Des dispositions devraient être prises pour évaluer l’efficacité des guérisseurs traditionnels et charlatans parce que bon nombre d’entre eux diffusent inlassablement la doctrine du Béninois malveillant.
Les normes culturelles ne devraient pas empêcher d’améliorer les mécanismes qui permettent de garantir le bien-être des citoyens béninois, aussi bien sur le plan de la santé que sur le plan spirituel. Les faiseurs de miracle (pasteurs, charlatans, guérisseurs traditionnels) devraient être recensés et suivis de près par des cellules en charge au sein de l’Etat de la collecte et de l’analyse d’informations de façon à dénicher les réels talents et à en faire des références nationales voire des attractions touristiques.
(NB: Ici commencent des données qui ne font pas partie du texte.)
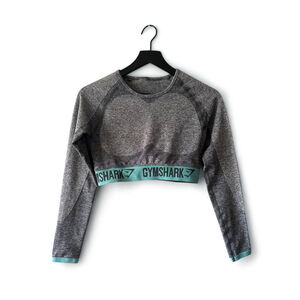 Gymshark Long Sleeve Cropped Top Gray Seamless Logo Band XS/S
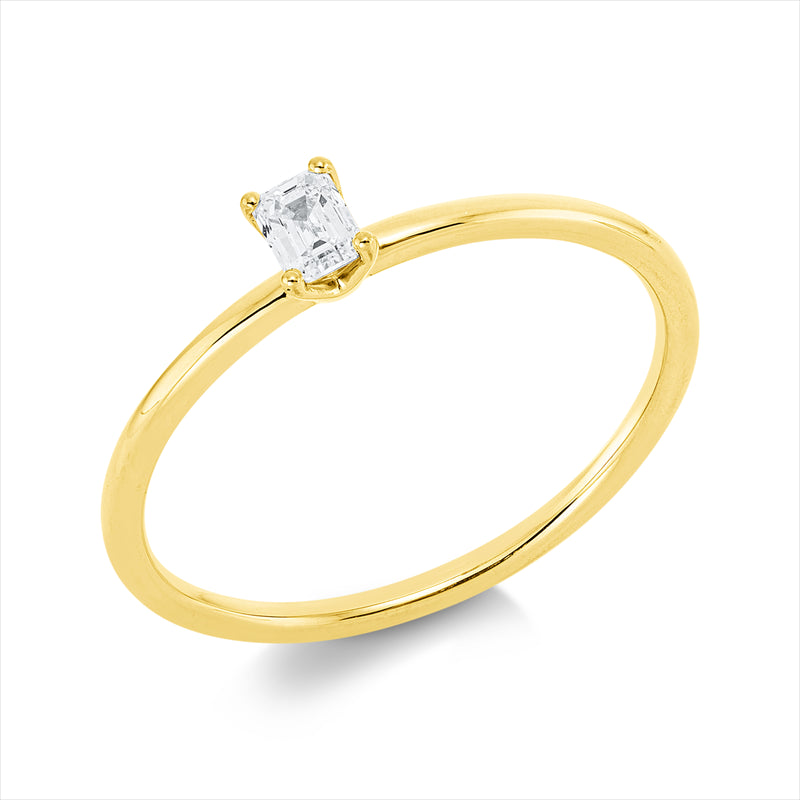 Ring    aus 750/-18 Karat Gelbgold mit 1 Diamant 0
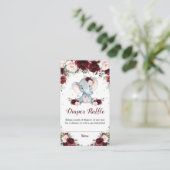 Elephant Burgundy Blush Floral Diaper Raffle Baby Informatiekaartje (Staand voorkant)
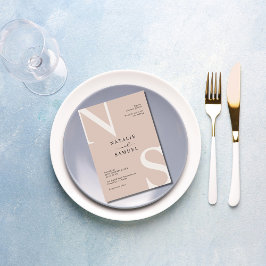 バラベージュミニマエレガントリストはっきりしたイニシャル結婚ズ 招待状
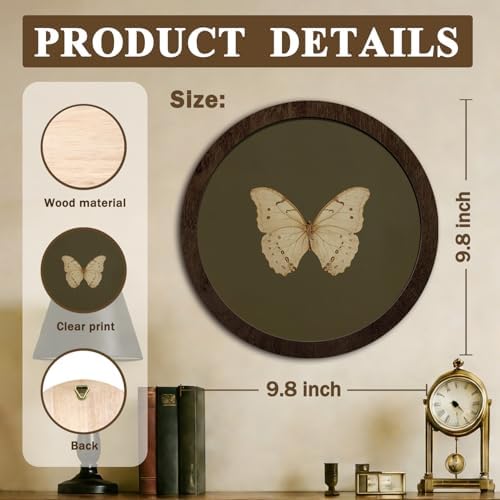CFFJLHN Green Butterfly Wall Art Decor, Bedroom Round Wooden Wall Art Vintage Butterfly Moth Framed Prints, Retro Cottagrcore Round Wall Hanging Decor for Bedroom Home Decorations, 10x10 Inch - Image 7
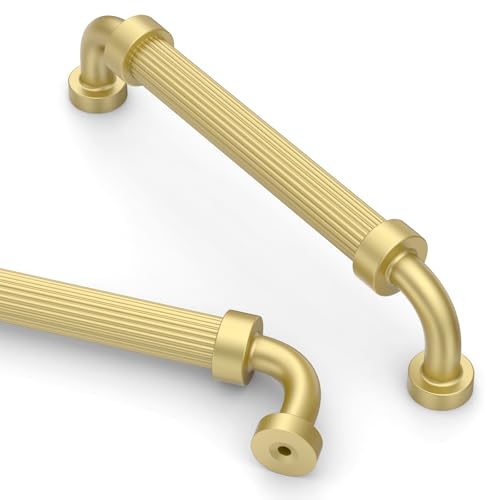 Asidrama 10 Pack 5 Inch(128mm) Brushed Gold Kitchen Cabinet Handles, Cabinet Pulls Kitchen Cabinet Hardware for Cupboard Drawer Pulls by Asidrama - Used condition - US$9.64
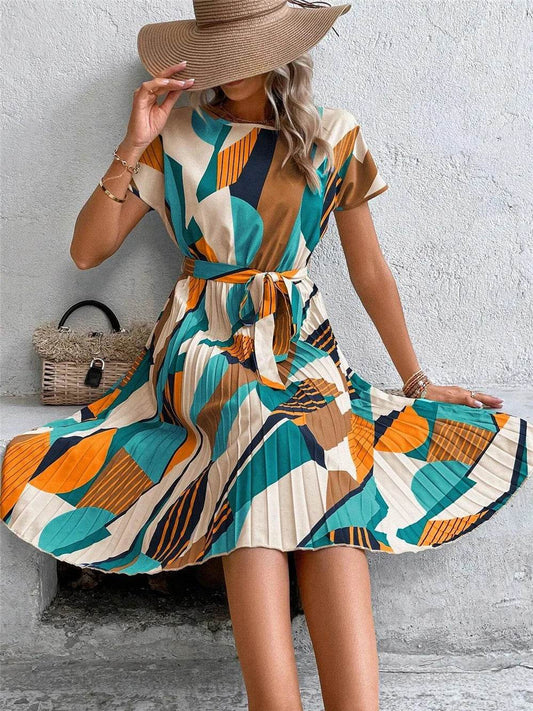 Elegant Print Lace-up Dress for Women - Summer Casual A-Line Style - Buy Center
En outre, le gouvernement devrait dédier un fonds de recherche à l’étude des phénomènes inexpliqués qui servent de terreau aux « diffuseurs de mauvaises nouvelles ». Ainsi, les chercheurs béninois pourront déterminer de façon empirique les facteurs qui contribuent à l’ancrage de l’idée du Béninois malveillant afin de combattre ce phénomène de façon programmatique. Il semble que cette perception nuise profondément à l’unité nationale et au développement de l’entreprenariat.
*Les points de vue exprimés ne reflètent pas nécessairement ceux d’IMANI Center for Policy and Education
Photo: www.afrik.com
Analyste de politique publique et responsable projet IMANI Francophone-Benin.
2 Commentaires. En écrire un nouveau
Oui, il y a un problème de méfiance généralisée. En faire le constat est un juste postulat pour le reste de cet article. La question que nous devrions nous poser ensuite est la suivante: D’où vient cette méfiance? On ne peut pas la mettre au seul compte des charlatans.
La vérité est qu’il existe, au sein de cette société, une propension réelle à nuire au prochain. Cela se sent dans les pratiques sociales, se vit dans la rue, en famille. C’est un élément de culture qui tire sa source du manque de tolérance, de l’envie et de la jalousie, nourris finalement par… la pauvreté. C’est le propre des sociétés extrêmement pauvres que de promouvoir le nivellement par le bas et de voir la cause de son propre malheur dans le bonheur de l’autre.
Cela concourt ensuite à ramener l’autre au même niveau que soi ou à l’éliminer, pas à apprendre de lui et s’inspirer de son exemple, le cas échéant.
Où le charlatanisme intervient, c’est, à force de chercher à nuire à autrui, lorsqu’on s’en remet à des forces occultes pour changer en mal le destin des autres: la religion est née le jour où le premier escroc a rencontré le premier imbécile. Qu’on croie en ces pratiques ou pas n’est mon propos. On n’en finirait pas dans ce court espace.
Une chose est sûre: on a vu des gens d’une même famille s’empoisonner pour des histoires d’héritage. Donc, en un mot, la cause fondamentale de cette situation se trouve dans la pauvreté. Y mettre fin ne fera pas disparaître ipso facto la peur du vivre ensemble, mais l’atténuera certainement.
Je partage votre avis sur cette situation.je suis très embêtée par leur stratégie pr se faire des sous,et ces radios complices qui passent ces maîtres chanteurs(pr la plupart) qui fragilisent l’esprit des Béninois et les rendent finalement très sensibles aux forces du mal ou du diable.Même la peur créée par ce qu’on entend fait qu’on tombe dans un cercle sans fin de problèmes.